- _REQUIRED WORK_: If a record holds a picture, please leave the picture out and copy the rest of the record exactly.
........
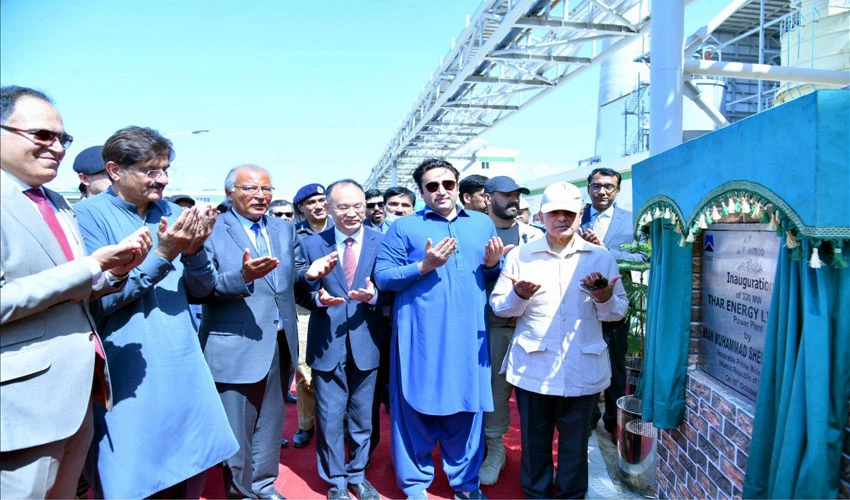 PM Shehbaz Sharif inaugurates a 330 MW power plant under CPEC Block II
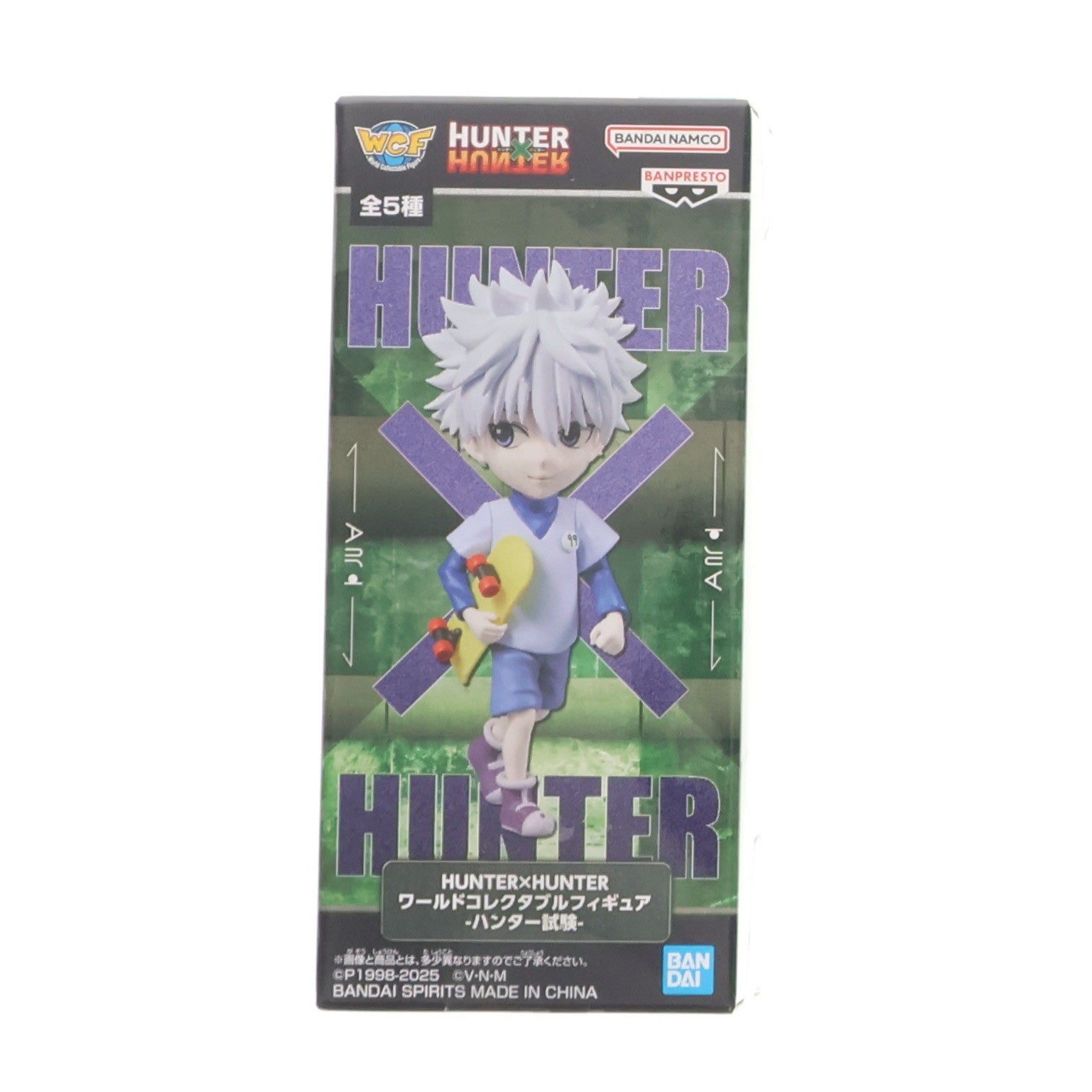 【中古即納】[FIG] キルア=ゾルディック HUNTER×HUNTER(ハンターハンター) ワールドコレクタブルフィギュア-ハンター試験- プライズ(2764494) バンプレスト(20250715)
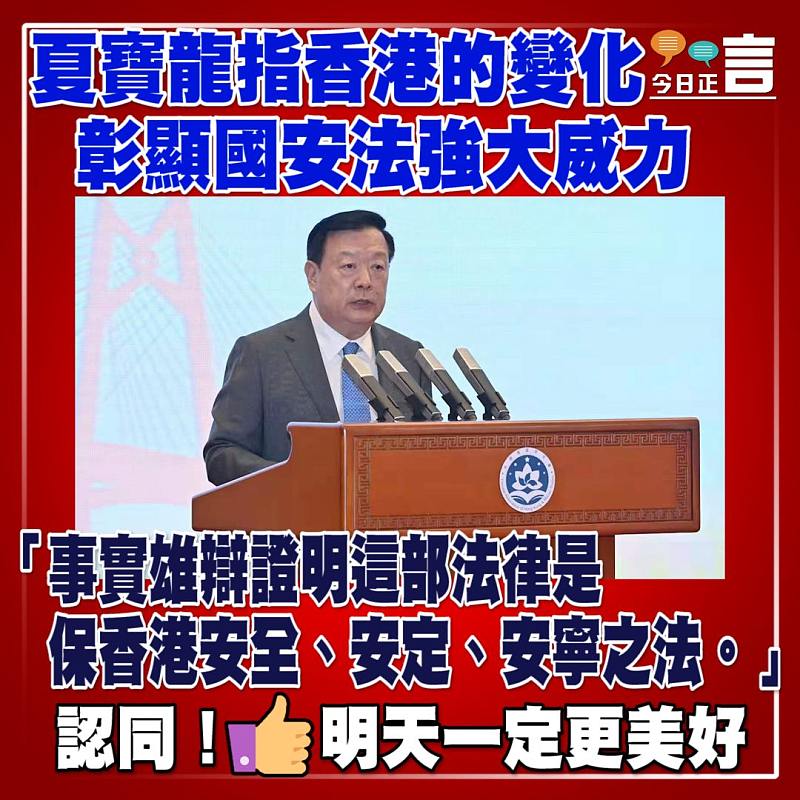 夏寶龍指香港的變化彰顯國安法強大威力：「香港安全、安定、安寧之法」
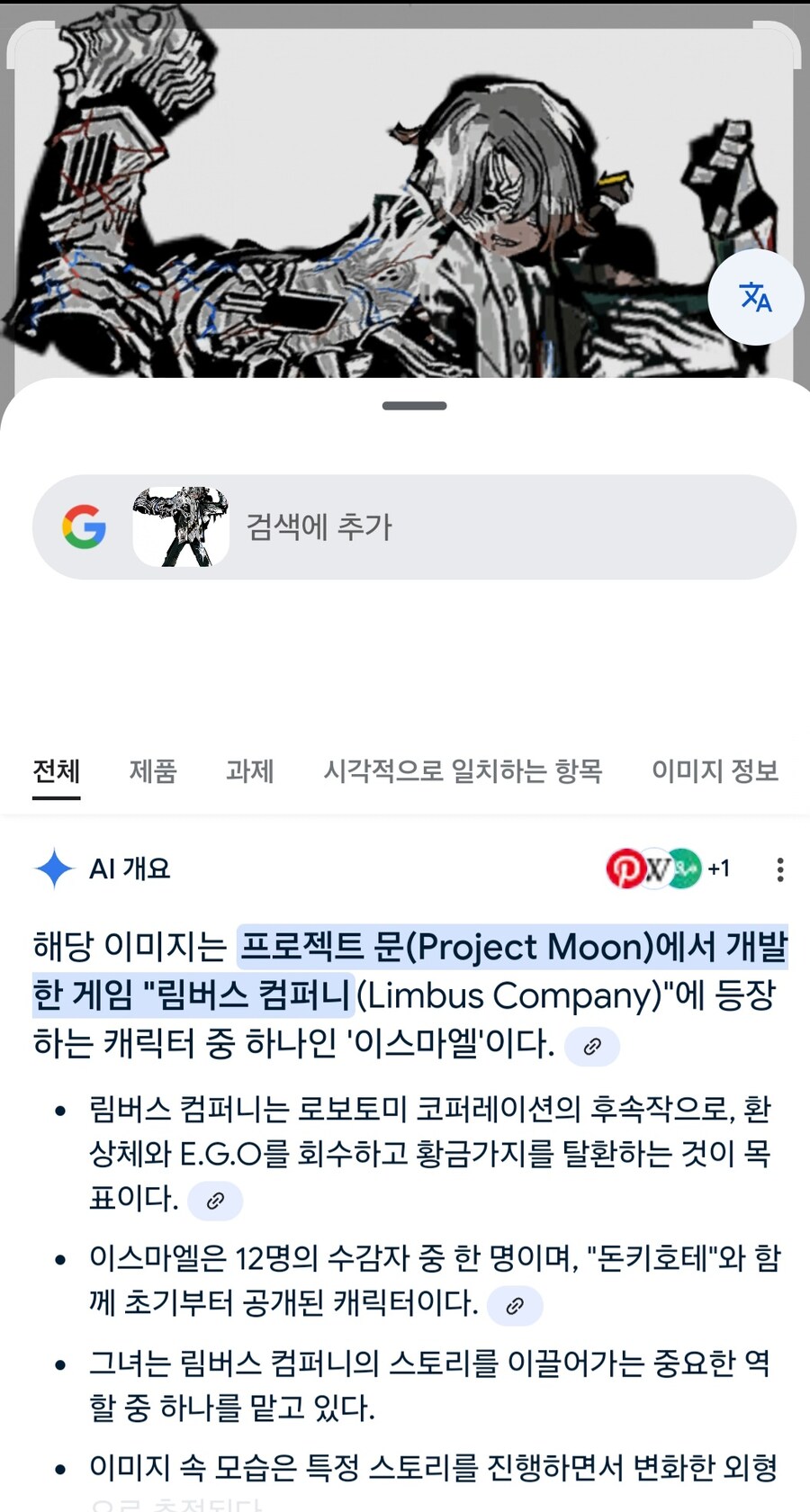 나는 ai의 캐릭터 해석에 대해선_1.jpg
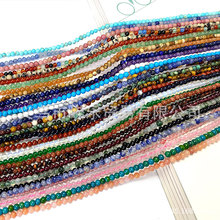 ���l2mm3mm��Ȼʯ�A��ɢ�陎����G�|������ɰ��ƷDIY�Ʒ���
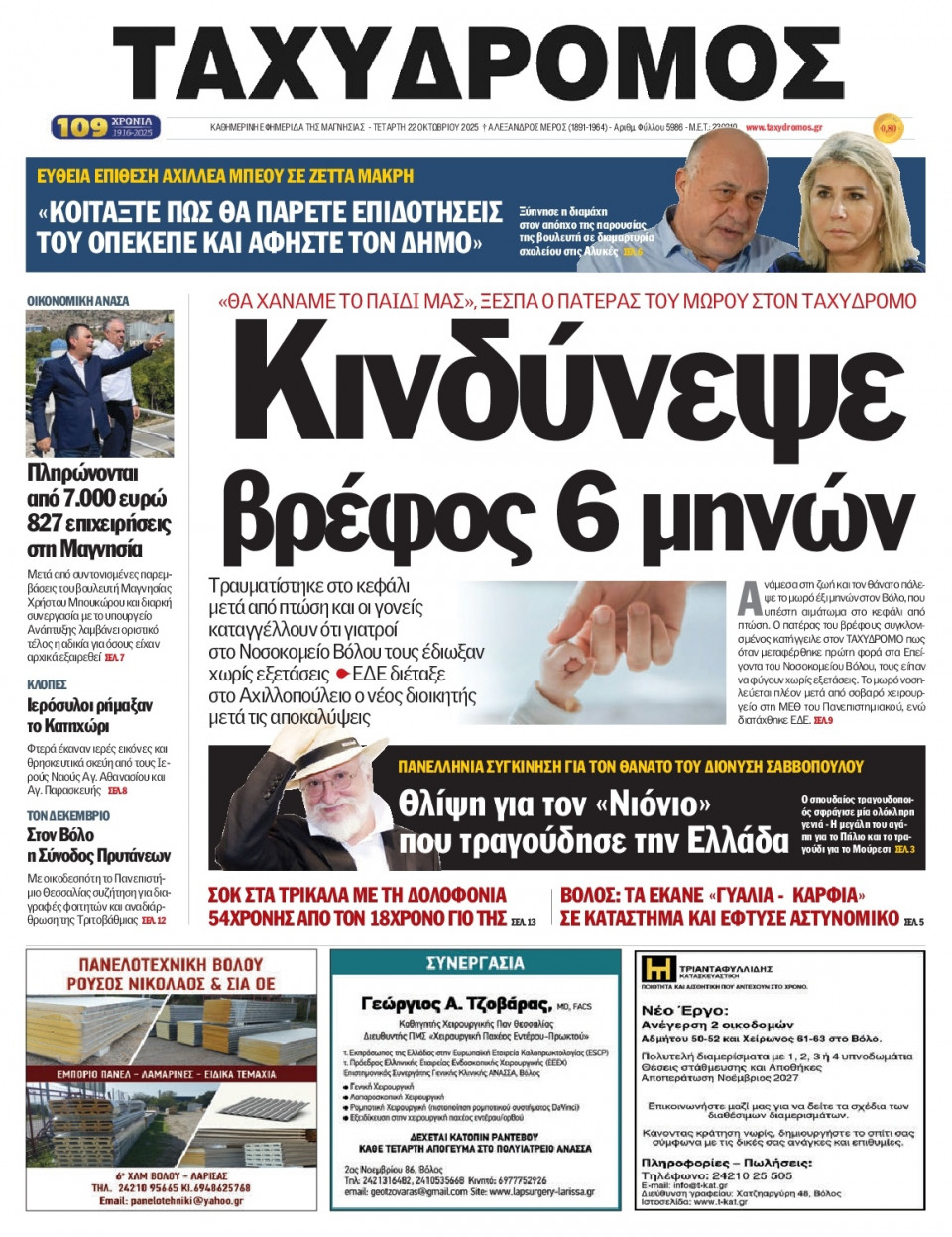 Πρωτοσέλιδο Εφημερίδας - Ταχυδρόμος Μαγνησίας - 2025-10-22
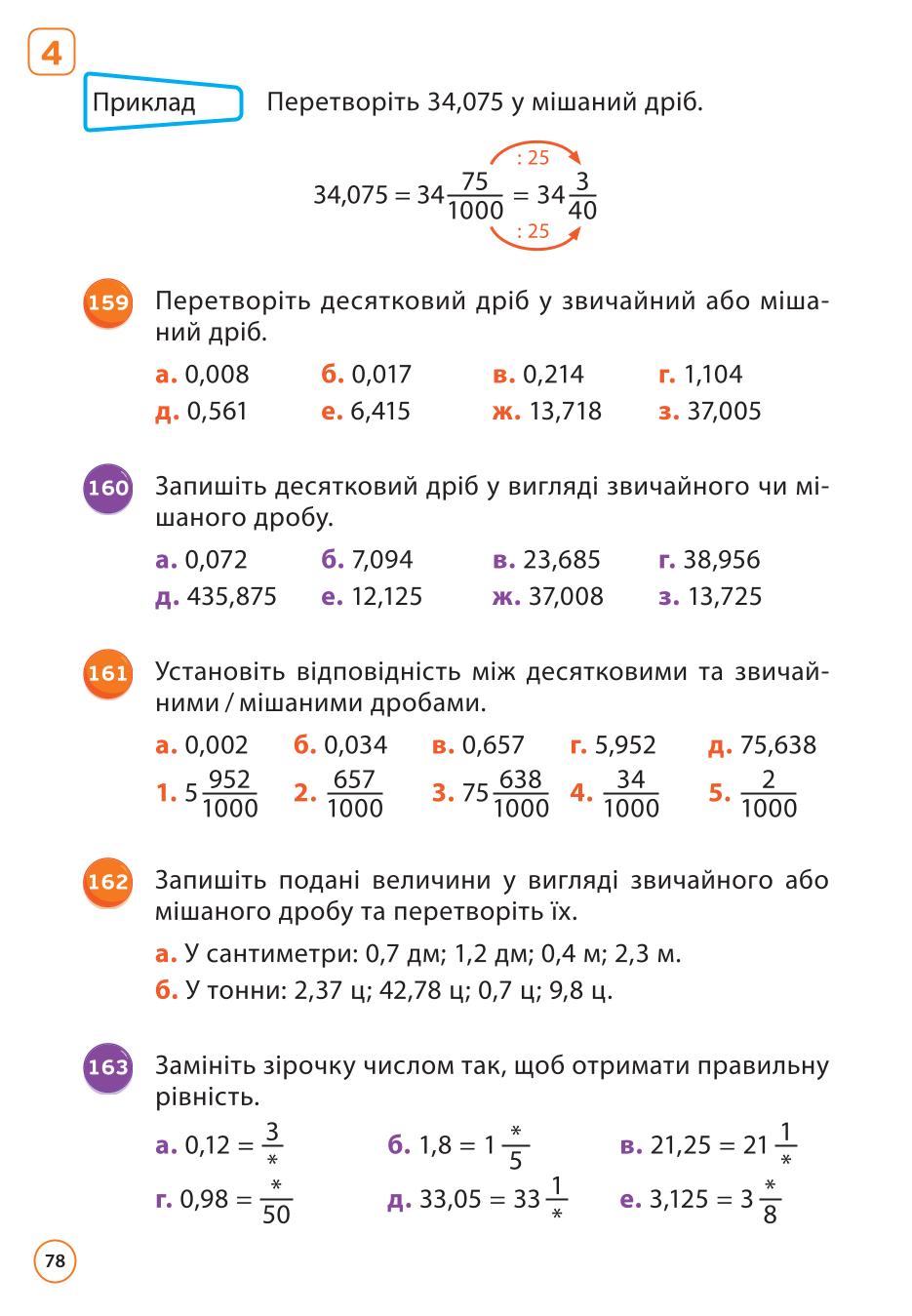Мініатюра 78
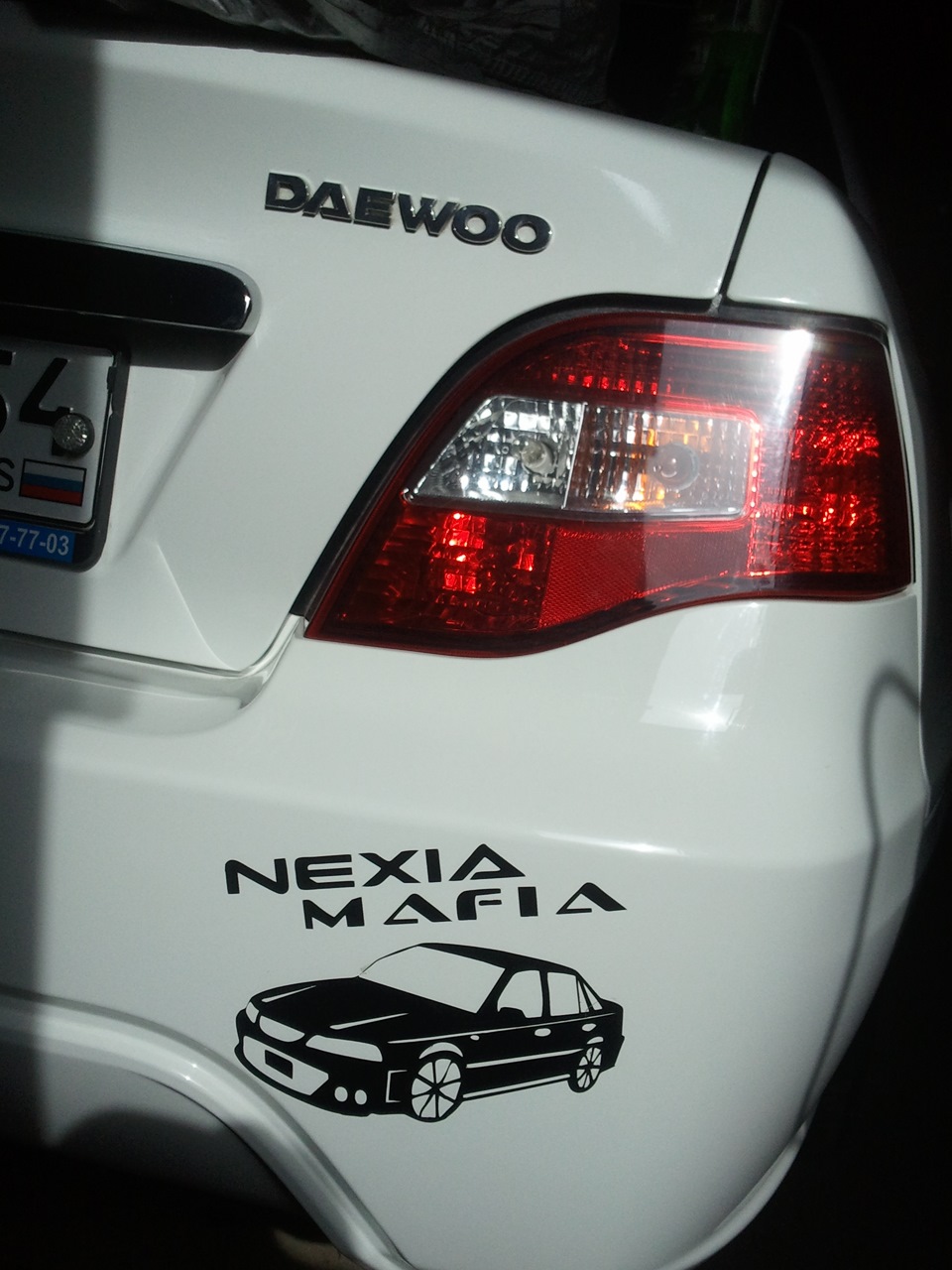 Daewoo Nexia логотип вектор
........
- _WRITTEN ANSWER_:
 PM Shehbaz Sharif inaugurates a 330 MW power plant under CPEC Block II
 【中古即納】[FIG] キルア=ゾルディック HUNTER×HUNTER(ハンターハンター) ワールドコレクタブルフィギュア-ハンター試験- プライズ(2764494) バンプレスト(20250715)
 夏寶龍指香港的變化彰顯國安法強大威力：「香港安全、安定、安寧之法」
 나는 ai의 캐릭터 해석에 대해선_1.jpg
 ���l2mm3mm��Ȼʯ�A��ɢ�陎����G�|������ɰ��ƷDIY�Ʒ���
 Πρωτοσέλιδο Εφημερίδας - Ταχυδρόμος Μαγνησίας - 2025-10-22
Мініатюра 78
 Daewoo Nexia логотип вектор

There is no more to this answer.